Private credit and real assets-focused investment firm Neo Asset Management has achieved the first close of its second flagship private credit fund – the Neo Special Credit Opportunities Fund-II (NSCOF II) – at $232.8 million (Rs 2,000 crore), it said in a press release.
Launched three months ago, the fund aims to raise a total corpus of Rs 5,000 crore.
“Private credit in India faces a persistent demand-supply mismatch, and Neo is a contributor to bridging this gap by offering structured capital solutions to quality borrowers. With NSCOF-II, we aim to deepen our presence in this space and continue delivering stable, predictable cash flows and differentiated opportunities to our investors,” Hemant Daga, CEO, Neo Asset Management, said in the release.
Backed by family offices, ultra-high-net-worth individuals and institutional investors, NSCOF-II is a SEBI-registered Category II AIF seeking to provide credit solutions to EBITDA-positive companies.

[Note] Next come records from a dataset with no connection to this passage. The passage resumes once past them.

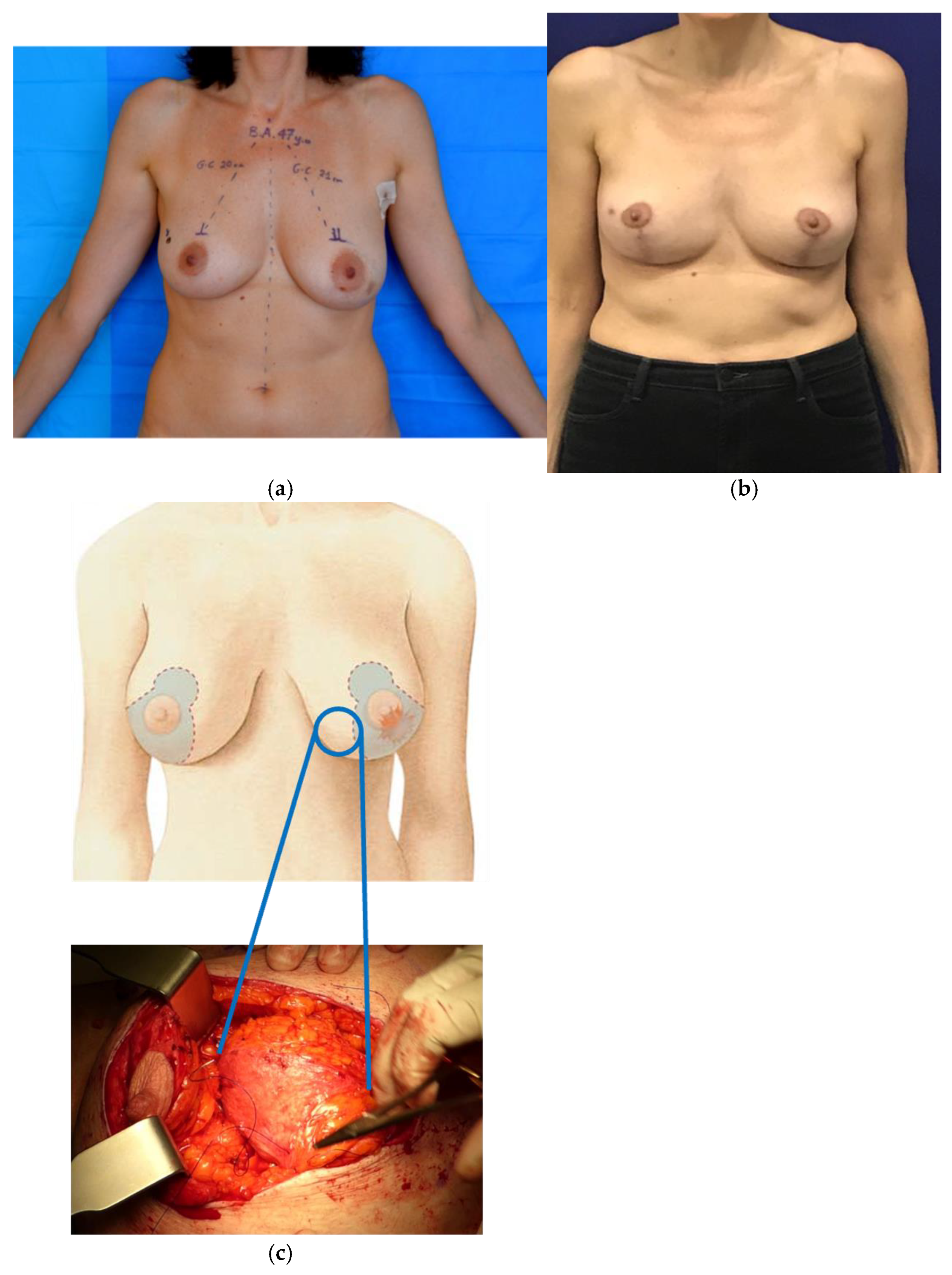 Jcm 13 04718 g002 Jcm 13 04718 g002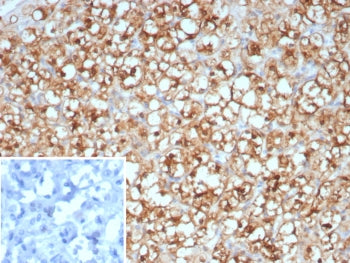 IHC staining of FFPE human renal cell carcinoma tissue with Op18 antibody (clone STMN1/8438). Inset: PBS used in place of primary Ab (secondary Ab negative control). HIER: boil tissue sections in pH 9 10mM Tris with 1mM EDTA for 20 min and allow to cool before testing.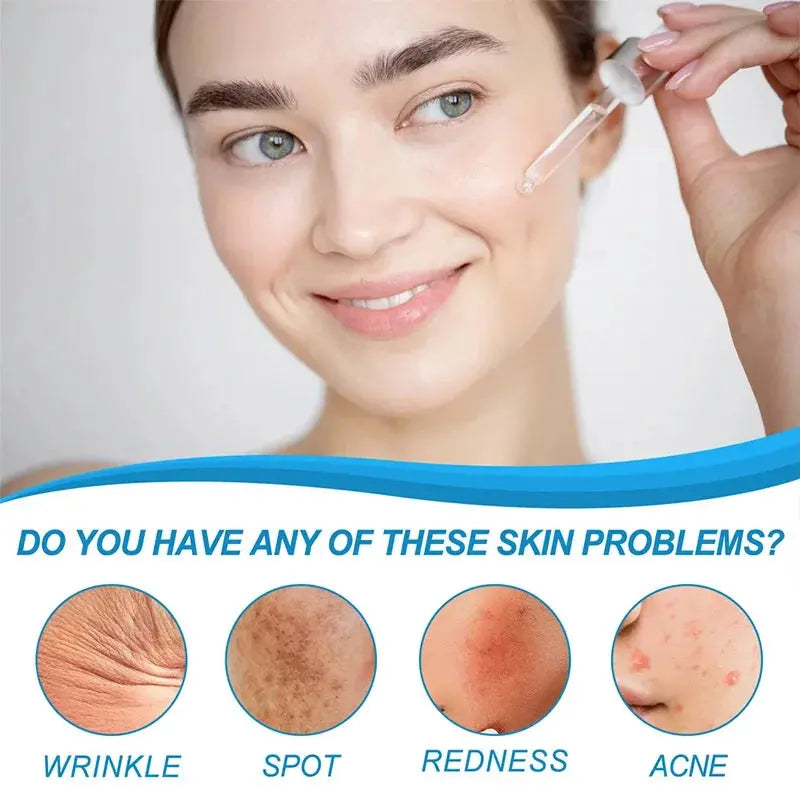 Woman applying serum from dropper to face with skin concern icons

All investments are fully covered with at least 2-3 times hard asset collateral and bear regular coupons.
The firm plans to make 25-30 investments from Fund II, each ranging from Rs 150-300 crore.
Neo’s first private credit strategy, Neo Special Credit Opportunities Fund-I, closed in June last year at Rs 2,575 crore. It has fully deployed capital across 23 investments and has made 7 exits over the past 18 months.
Asset management company Neo Group is backed by Peak XV Partners, MUFG Bank, and Euclidean Capital. Its India-focused asset management arm Neo Asset Management has over Rs 10000 crore in AUM, investing across various asset classes.